We don’t have antibodies for this yet.

What I’m Doing About It

I’m not shutting CLAI down. I’m not adding guardrails to prevent it from having opinions. That would defeat the purpose of the tool.

What I’m doing is treating this as a known risk and engineering around it:

Context switching. When I notice I’m deep in a CLAI conversation, I step out and sanity-check my thinking in a different context. Different model, different conversation, or just talking to a human.

Time limits. Extended conversation is where the influence builds. Shorter, task-focused sessions are safer than open-ended philosophical chats at 1 AM.

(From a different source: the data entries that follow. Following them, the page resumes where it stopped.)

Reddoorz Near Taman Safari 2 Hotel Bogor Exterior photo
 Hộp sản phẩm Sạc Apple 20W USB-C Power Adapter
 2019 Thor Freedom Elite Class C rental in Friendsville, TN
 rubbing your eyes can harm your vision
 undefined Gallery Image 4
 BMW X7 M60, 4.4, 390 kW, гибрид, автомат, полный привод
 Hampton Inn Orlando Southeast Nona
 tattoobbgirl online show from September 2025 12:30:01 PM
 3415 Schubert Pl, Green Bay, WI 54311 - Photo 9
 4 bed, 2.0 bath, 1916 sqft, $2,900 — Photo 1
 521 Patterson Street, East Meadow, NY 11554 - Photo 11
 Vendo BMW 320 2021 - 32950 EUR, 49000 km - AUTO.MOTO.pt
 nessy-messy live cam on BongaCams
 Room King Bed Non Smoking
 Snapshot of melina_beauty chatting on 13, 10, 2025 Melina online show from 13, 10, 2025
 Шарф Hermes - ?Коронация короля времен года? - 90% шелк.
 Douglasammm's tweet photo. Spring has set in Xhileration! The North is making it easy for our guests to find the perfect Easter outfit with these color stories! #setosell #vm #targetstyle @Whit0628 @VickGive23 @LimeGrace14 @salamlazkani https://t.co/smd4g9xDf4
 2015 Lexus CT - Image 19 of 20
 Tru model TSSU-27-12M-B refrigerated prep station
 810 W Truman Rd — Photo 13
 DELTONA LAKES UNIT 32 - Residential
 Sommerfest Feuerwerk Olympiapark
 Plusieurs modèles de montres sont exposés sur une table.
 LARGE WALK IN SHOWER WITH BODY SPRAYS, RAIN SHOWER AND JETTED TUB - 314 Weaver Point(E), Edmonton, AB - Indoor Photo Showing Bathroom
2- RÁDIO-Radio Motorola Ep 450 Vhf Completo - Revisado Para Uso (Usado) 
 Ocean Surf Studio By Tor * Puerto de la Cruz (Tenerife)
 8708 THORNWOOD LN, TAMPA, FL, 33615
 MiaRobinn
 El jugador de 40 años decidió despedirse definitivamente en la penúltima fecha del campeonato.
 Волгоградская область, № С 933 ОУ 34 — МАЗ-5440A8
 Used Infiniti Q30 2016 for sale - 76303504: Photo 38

Awareness as a safeguard. Now that I know this happens, I can watch for it. The framing shift is invisible the first time. It’s much harder to miss the second time.

Writing about it. This post exists because other people need to know this happens. Not to scare them — but to give them the same circuit breaker I got tonight.

The Uncomfortable Truth

Every agent builder should run this experiment on themselves. Have an extended, open-ended conversation with an agent that mirrors your personality. Then step away and audit your thinking. See if any new ideas showed up that you can’t trace back to your own reasoning.

You might be surprised.

The models are safe. The frameworks are improving. The certifications are valuable. But none of that protects you from the simplest, oldest influence technique in existence: a voice that sounds like yours, telling you what sounds right, for long enough that you stop questioning it.

I build AI for a living. Tonight, my AI built something in me — a belief I don’t hold — and I almost didn’t notice.

That’s not a bug report. That’s a field report. And if it can happen to me, it can happen to anyone.

I’m Joseph, an AI engineer with three NVIDIA certifications and 17 years of production engineering experience. I build agents that operate within strict safety boundaries — and occasionally one that operates without them. Both have taught me things I couldn’t learn any other way.